**Exercise directions:** Reproduce each record exactly, but exclude every picture.

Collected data
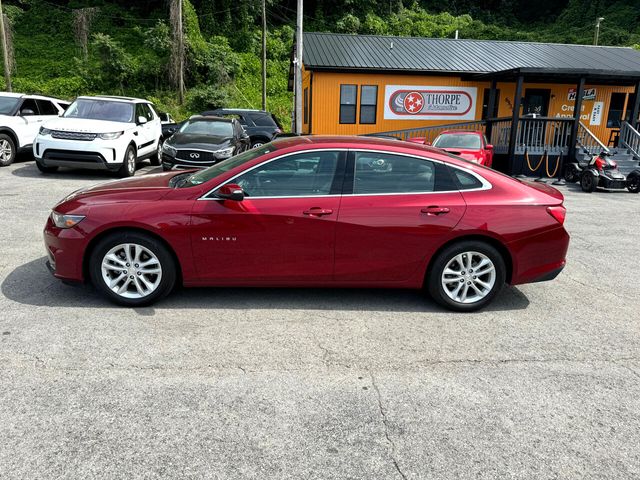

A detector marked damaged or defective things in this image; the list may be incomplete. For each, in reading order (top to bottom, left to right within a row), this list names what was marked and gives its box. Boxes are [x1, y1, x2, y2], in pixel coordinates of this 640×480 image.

cracked pavement [1, 159, 640, 478]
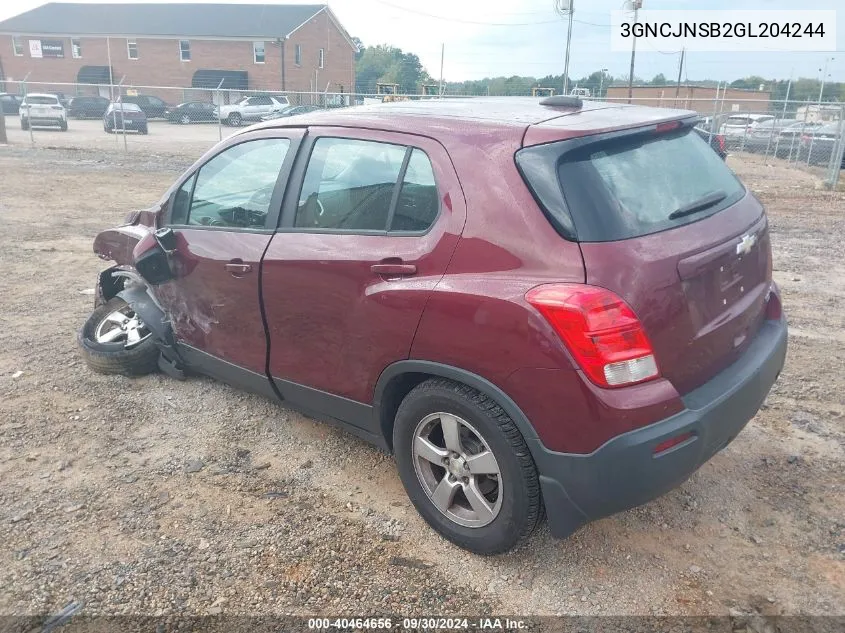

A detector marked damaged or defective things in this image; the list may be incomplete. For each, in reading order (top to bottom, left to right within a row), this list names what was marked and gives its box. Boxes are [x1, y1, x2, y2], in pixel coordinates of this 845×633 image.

exposed wheel [78, 298, 160, 376]
exposed wheel [394, 376, 540, 552]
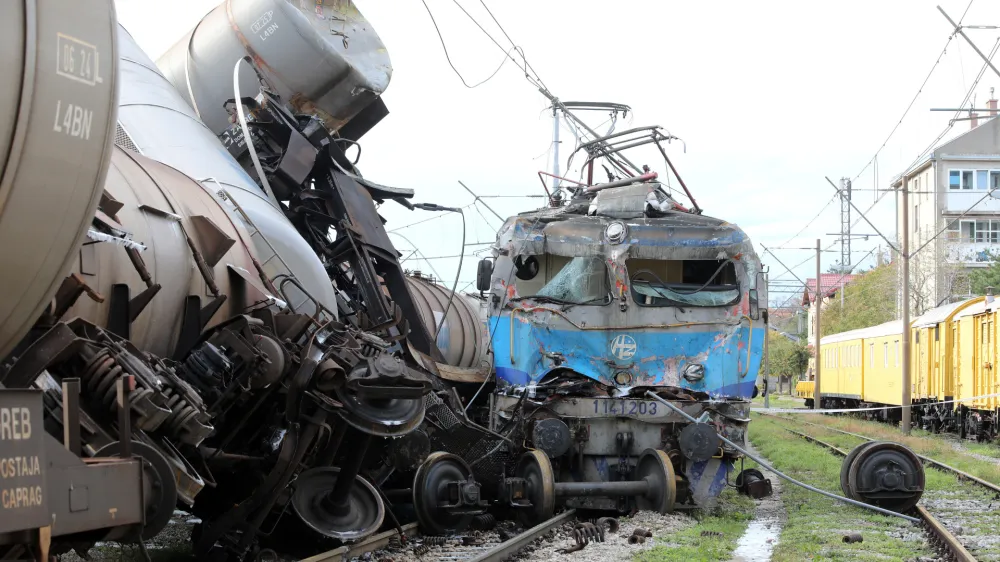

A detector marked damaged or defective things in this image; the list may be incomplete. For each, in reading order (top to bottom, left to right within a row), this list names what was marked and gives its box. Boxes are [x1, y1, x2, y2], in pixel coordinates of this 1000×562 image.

damaged blue locomotive [476, 124, 764, 516]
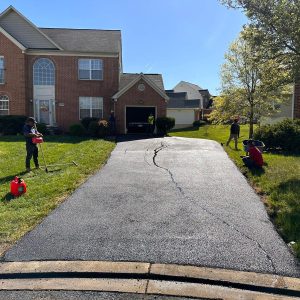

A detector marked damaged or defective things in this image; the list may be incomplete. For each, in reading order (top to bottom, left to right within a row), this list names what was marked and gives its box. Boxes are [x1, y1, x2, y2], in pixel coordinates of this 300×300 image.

driveway crack [152, 141, 276, 274]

**Output of the exercise:**
A detector marked damaged or defective things in this image; the list may be incomplete. For each, in reading order (top to bottom, left to right within a row), this list names what was marked and gives its box. Boxes are [x1, y1, x2, y2], in pixel coordinates of this 640×480 image.

cracked pavement [1, 159, 640, 478]

A detector marked damaged or defective things in this image; the list may be incomplete. For each, in reading order (top to bottom, left to right within a row), this list names what was marked and gives its box. Boxes are [x1, y1, x2, y2], in pixel coordinates of this 845×633 image.

exposed wheel [78, 298, 160, 376]
exposed wheel [394, 376, 540, 552]

A detector marked damaged or defective things in this image; the list may be incomplete. For each, in reading order (top to bottom, left to right within a row), this list names what was marked and gives its box. Boxes are [x1, y1, x2, y2], in pixel coordinates of this 1000×562 image.

damaged blue locomotive [476, 124, 764, 516]

A detector marked damaged or defective things in this image; the list may be incomplete. For each, in reading order (top to bottom, left to right within a row), this list names what was marked and gives its box. Boxes are [x1, y1, x2, y2], in pixel coordinates of this 300×300 image.

driveway crack [152, 141, 276, 274]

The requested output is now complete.